Кийгород. Некоторое время спустя
Весть о приезде аттилы прилетела в Кийгород белой зимой. А сам он приехал, когда зазвенела капель. Весна была ранней, реки питались подтаявшим снегом и выходили из берегов. Зачем тащиться по слякоти, удивлялась Ильдика. А сердце тихонько билось в груди: «Ко мне он едет. Ко мне».
Встречать его вышли всем городом. Ильдика стояла у открытых ворот, прижимая к себе подросшего сына. Одела его тепло. А сама была налегке. Оставила голову непокрытой, чтобы не прятаться под безликим платком. Подрисовала почернее брови, надела серебряное налобье с большими височными кольцами, а золотистые волосы распустила волнами.
За спинами тех, кто стоял впереди, она не увидела, как появились гости. К воротам их провожала толпа. Со всех сторон выкрикивали приветствия, и особенно выделялись женские голоса. Слушая их, Ильдика с волнением думала, как сделать так, чтобы её приветствие отличалось от остальных. Взглянуть аттиле в глаза. Улыбнуться особой улыбкой. Будь на то её воля, она без раздумий кинулась бы ему на шею, ведь соскучилась, дожидаясь, когда приедет. Вспоминала о нем постоянно. Особенно ночью, когда оставалась одна и лежала в холодной постели, вспоминая его поцелуи и ласки. Но так ли ведет себя мать правителя города? Не должна ли вести себя строго?
«Ах, наплевать», — отмахнулась от этих мыслей Ильдика, все больше окутываясь радостным ожиданием.
И вот стоявшие впереди расступились. Ильдика затаила дыхание.

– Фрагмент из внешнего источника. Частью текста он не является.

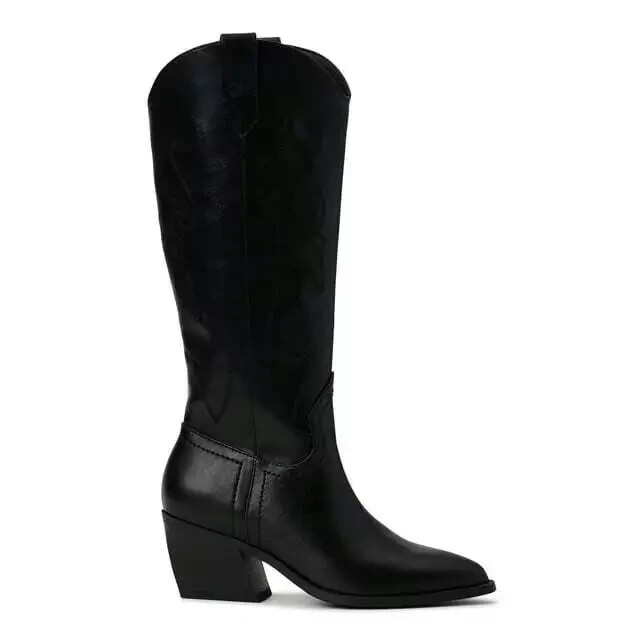 Madden NYC Women's Black Slip-on Pointed Toe Comfort Tall Western Boots:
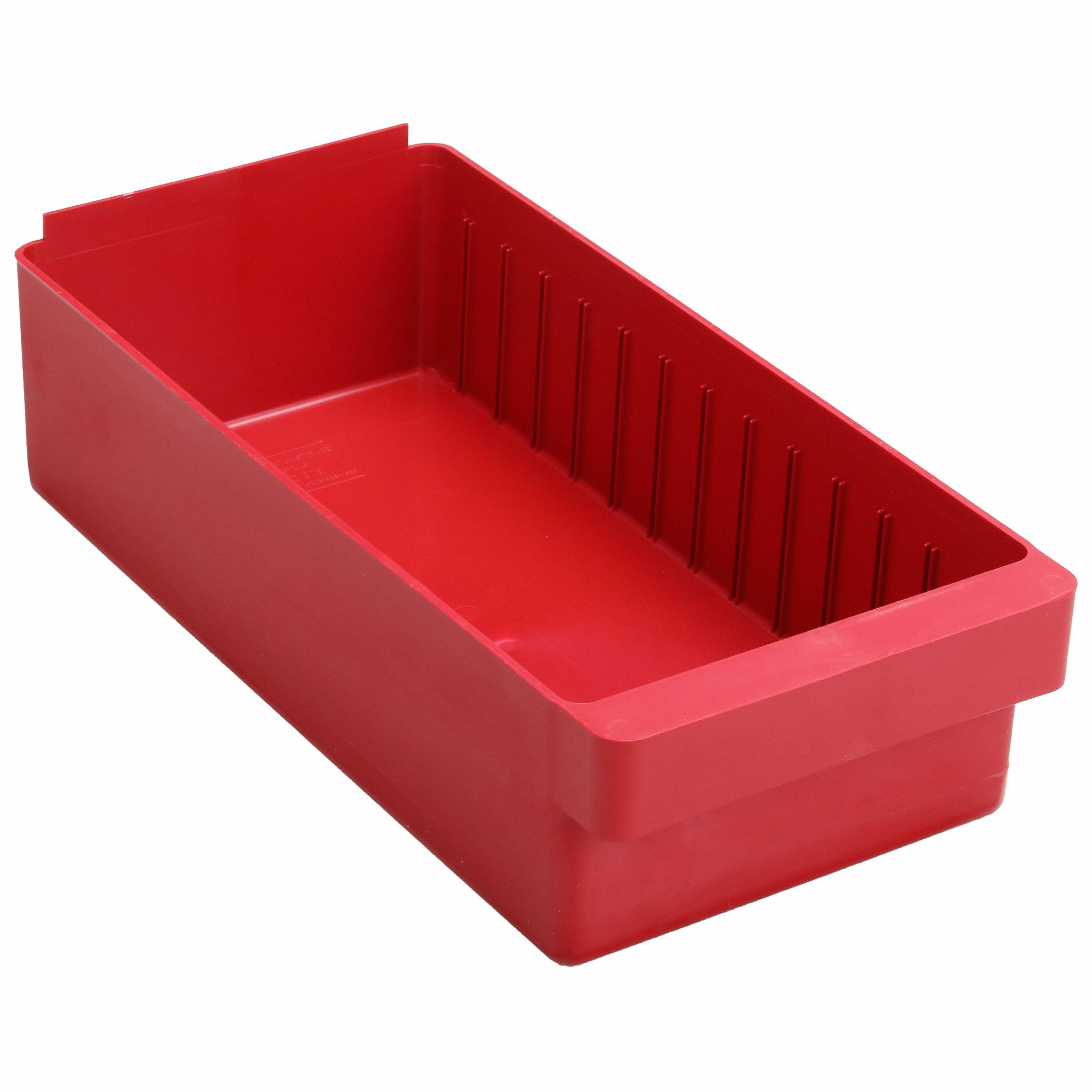 Drawer Bin: 17 5/8 in Overall Lg, 8 3/8 in x 4 5/8 in, Red, 0 Dividers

Среди тех, кто приближался к воротам, она увидела только высокого длинноволосого воина, затянутого в броню из кожи и меха. Лицо его было сурово, брови нахмурены. Выслушал, как Ильдика бормочет привествие, и, бросив ей что-то вроде: «Ты изменилась», подхватил её сына на руки и двинулся дальше. С мальчиком он держался совсем по-другому, был приветлив и ласков, а Ильдику будто не видел. Пришлось ей плестись позади несолоно хлебавши.